Included in Knake’s bio is a video captioned “Best way to boost access to justice? Change ethics rules.” How could I resist watching such a video, since I’m certainly interested in boosting access to justice, as well as ethics rules. What I saw was this:
Maybe I inadvertently blinked. Maybe I had a brain fart, Maybe. But what I saw was an unduly animated individual who, if I was crossing her at trial, I would keep on the stand until she came down off her high, would soon start to shake and crash. What I didn’t see was anything substantively related to access to justice or ethics. She talks and talks and says nothing. If this is how Knake plans to reinvent law, I take a pass.
While I’ve questioned before the excess of hyperbole and absence of substance behind these prognostications of future change by self-proclaimed visionaries, never before has it been so overwhelmingly clear that their predictions are, well, empty. It’s all adjectives, no nouns.
It’s not that the law doesn’t, and won’t continue to, evolve. We get new iToys daily, and at least once a week a new business shows up on the interwebz that’s going to change everything. This week it was a gimmick called “The Perfect Witness,” some magic bullet video from a company that conceals its owners, that does your witness prep for you for a mere $119 a shot. And most of them silently fade into oblivion because they either suck or offer nothing anyone wants.
It’s not that the futurists are antagonistic toward competence, but that if we should need legal skills, we can always rent them from Bangalore. You think I’m kidding? Again, from Tannebaum’s post on Furlong:
Jordan gives legal knowledge a zero.
“Again, it’s not that I believe legal know-how has no value in a law practice; obviously it does. But I don’t need to personally possess this feature or have it in place, in-house, in my practice. Legal knowledge is now widespread and easily accessible, and its price keeps dropping. I can outsource this asset, retrieve it when and from whom I need it, and build up other resources instead.”
Yeah, he said that.
Like a cool logo that brings in the clients and makes lawyers fabulously prestigious and filthy rich?
While lawyers and firms continue to struggle to deal with the excess supply and bad economy, and too often get sucked into the misguided belief that there is some magic technological bullet that will change their fortunes and make everything better, the lure of the futurists appears to have faded. The lawyers who have tried it, sunk in substantial sums of money in the belief that some SEO specialist will get them oodles of paying clients on the internets, have learned better, much to their chagrin.
Hopefully, the next step will be for more informed heads to put their effort into dealing with the hard work of fixing systemic issues in the profession, returning to core values of ethics and competence, and stop screaming that iToys will change everything. The alternative is watching more Rene Knake videos.
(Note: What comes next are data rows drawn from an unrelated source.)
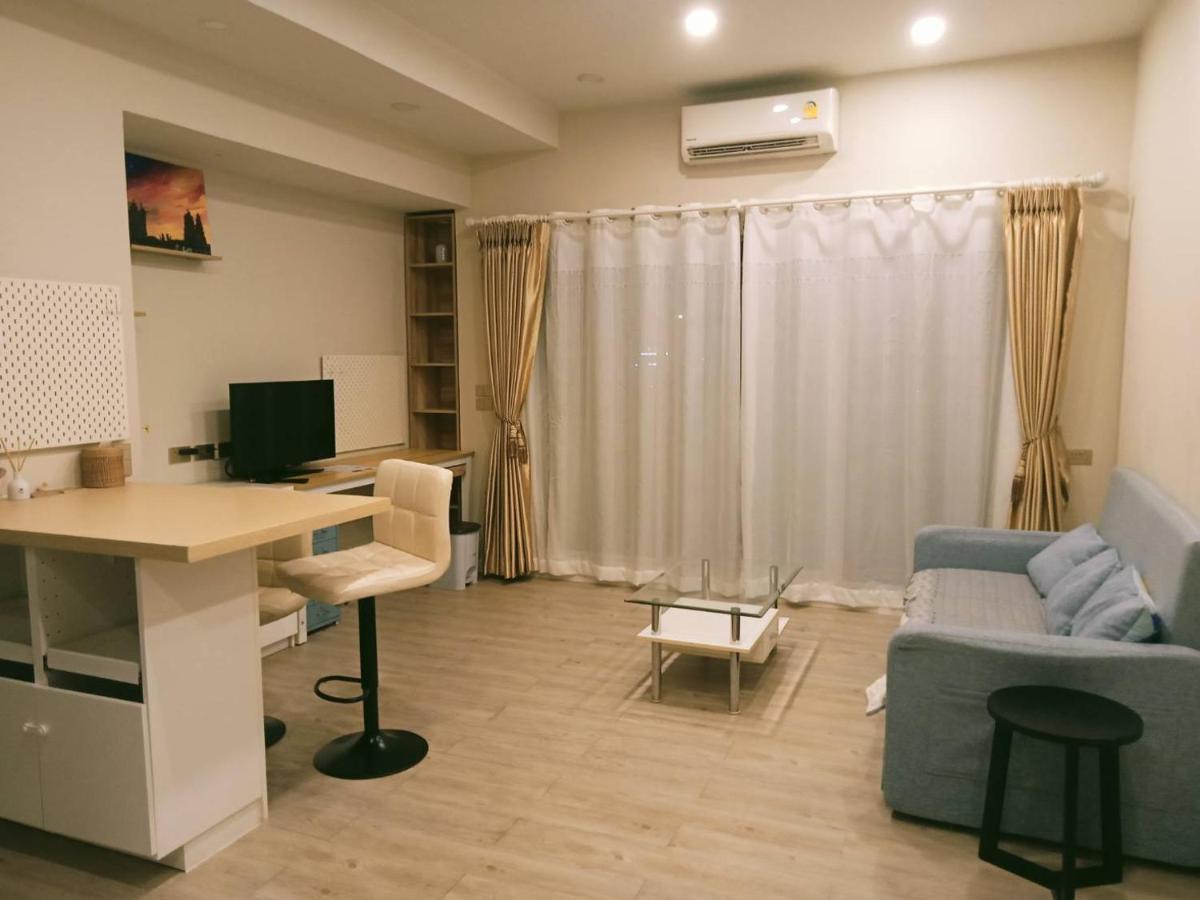Harmony Family Room Bangkok Exterior photo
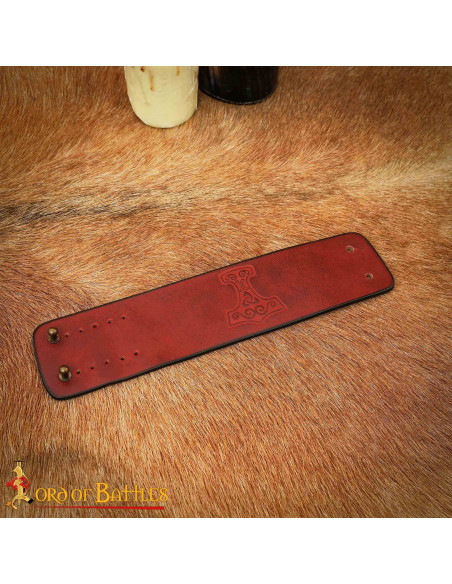 Bracelete medieval em couro com...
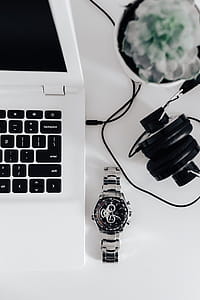 Men's Minimalist Workspace thumbnail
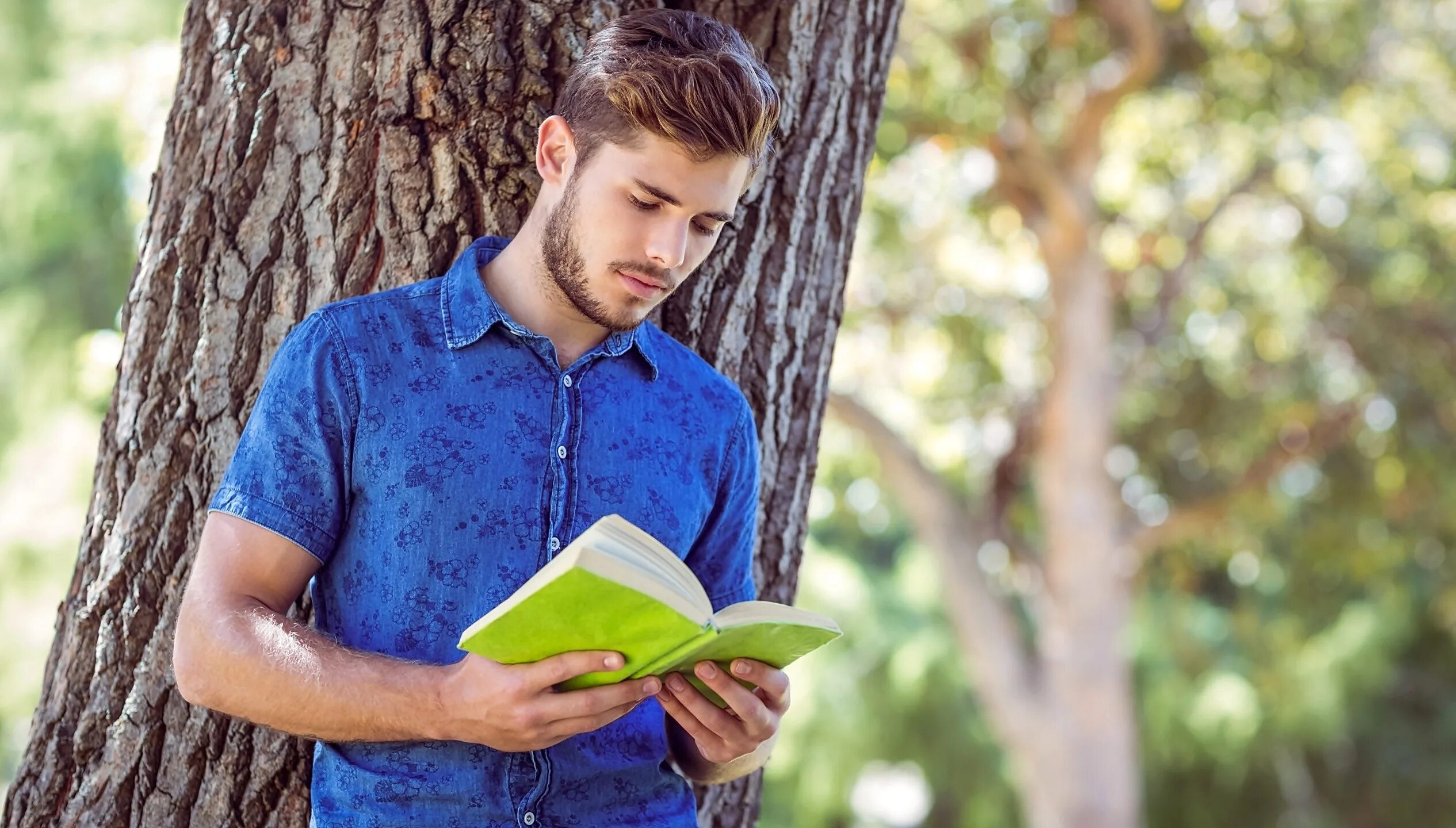 Men s books. Парень. Молодой человек с книгой в руках. Мужчина с книгой в руках. Книга человек.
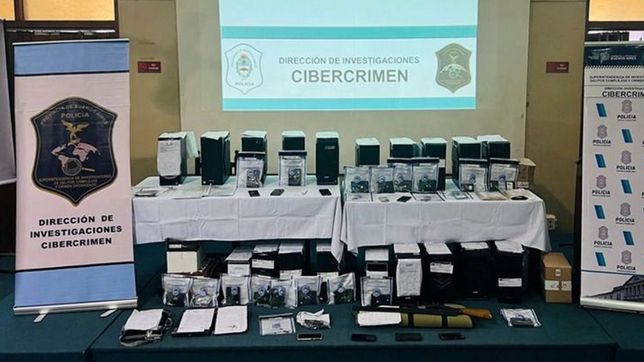 despliegan cerca de 100 operativos en la plata y la provincia por grooming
Is that what you really want to do?
Update: Kevin O’Keefe picks up on this post at Real Lawyers Have Blogs, and gets an earful from the marketeers in the comments. You wouldn’t exactly know they were marketeers, as they have this unfortunate tendency to neglect to mention their financial interest in promoting the notion the future of law requires lawyers to pay them money, but they do their darndest to spin the results to convince lawyers that they can be both competent and honest and still pay the marketeers to sell them like laundry detergent to an unsuspecting public.
Notably, the marketeers don’t come here to try to sell their wares, because I tend not to give them a warm reception. That said, note the difference in the reactions by lawyers versus marketeers. It’s kinda heart-warming to know that some lawyers still prefer competence and integrity over deception and self-aggrandizement. The future of law is looking brighter, even if it’s not the same future as the wild-eyed Knake’s envision.